Streeter is the stuff of Chicago legend, a man who defied city officials who tried to take his “District of Lake Michigan” — the hundreds of acres of landfill that eventually amassed around the beached boat where Streeter and his fellow scofflaws drank, ran brothels and generally reveled in ignoring authority.
Propeck and a few members of the excavation crew knew none of the history until an acquaintance half-jokingly suggested that the anchor could have belonged to Streeter. They fiddled around on the Internet until they found a picture of Streeter standing by his ship, the Reutan, with a similar anchor chained to its prow. “I think it’s pretty interesting,” said Propeck, who has been a construction worker in Chicago for more than 25 years. “I’ve never got nothing like this before. I’ve found safes before with holes bored through them. But nothing like this.”
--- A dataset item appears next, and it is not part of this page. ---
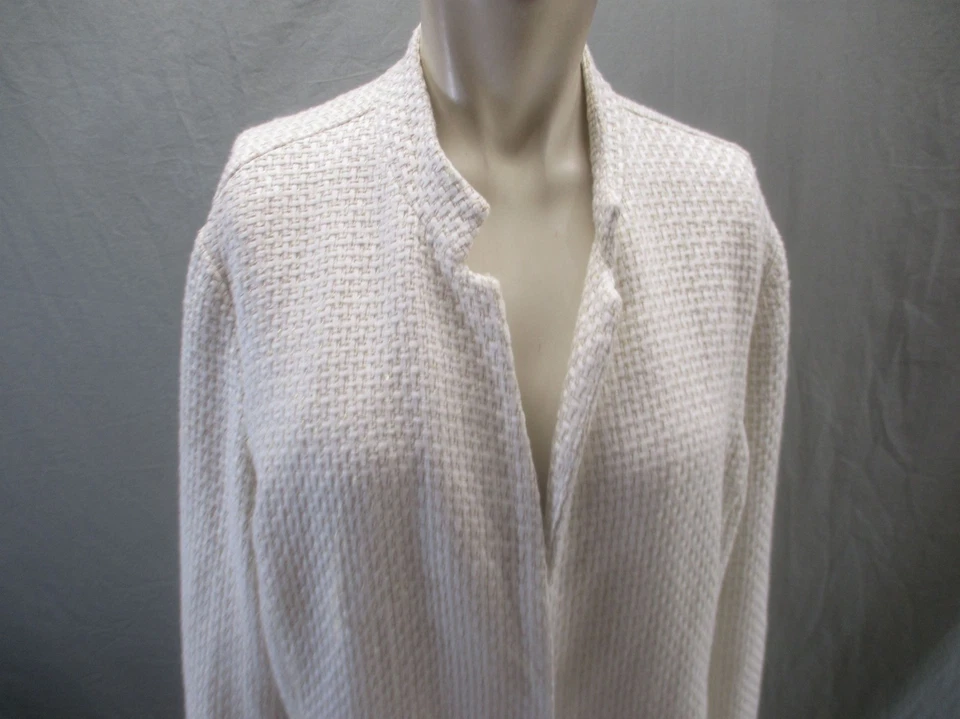 Blazer largo Chicos talla 2 para mujer mezcla de algodón marfil frente abierto tweed pesado 045 Foto 2 de 4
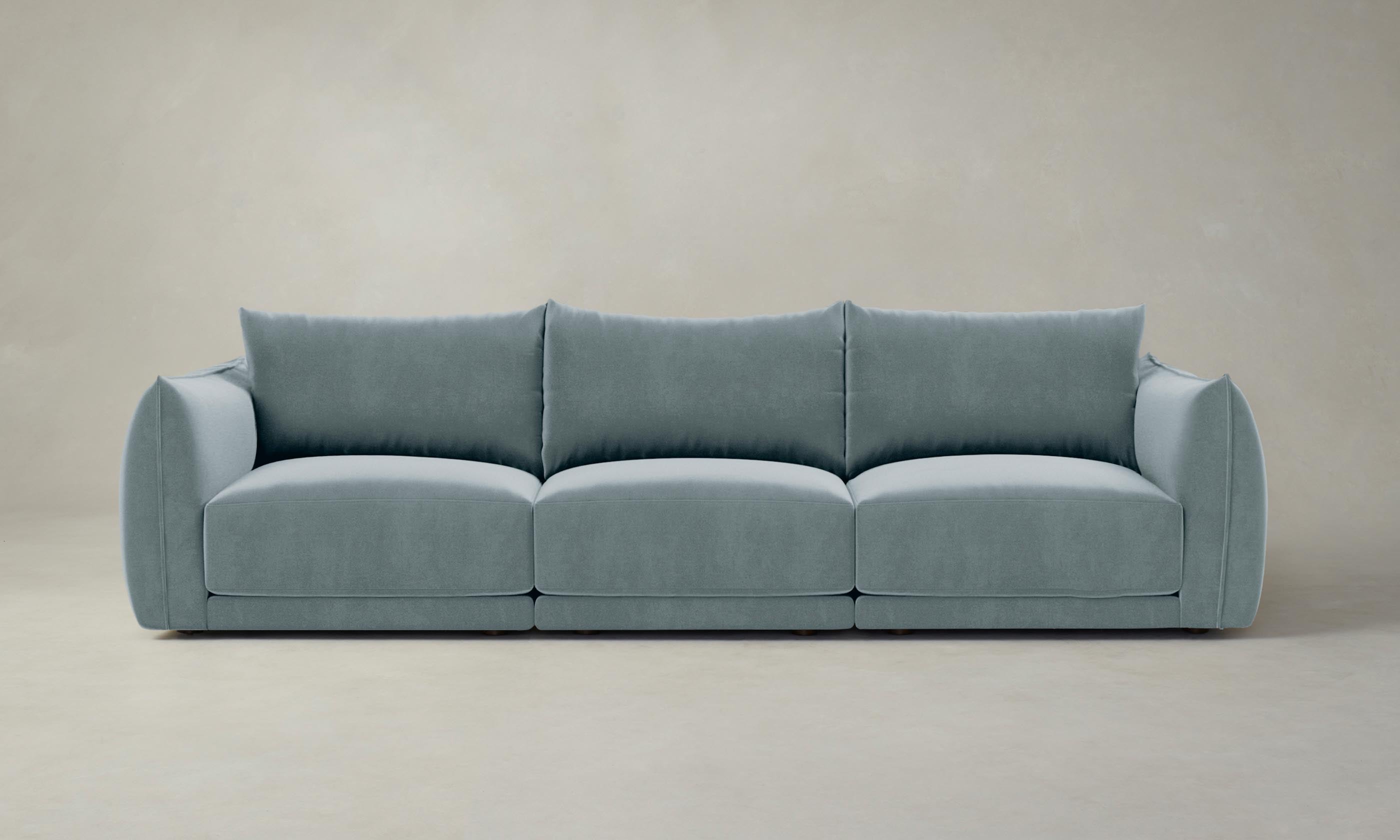 Premium Jones Modular Sofa Set - Performance Velvet Sky Blue Fabric - Perfect for Living Room, Lounge & Home Theater Seating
It would be difficult to verify that the anchor was Streeter’s, said Libby Mahoney, chief curator of the Chicago Historical Society. Its rusted surface and clunky chain bear no lettering or mark other than the number 97.
The anchor appears to be a standard fisherman’s anchor from that era, Mahoney said.
Whether the anchor actually belonged to Streeter’s vessel, the discovery is enough to excite Chicagoans, she said.
“All of this points to the fact that Chicagoans love the history of their city,” she said. “They are proud of it. And they take their history very seriously.”
MCL Companies, the developer of the Park View condos, is considering making the anchor a fixture of the park that will sit adjacent to the property.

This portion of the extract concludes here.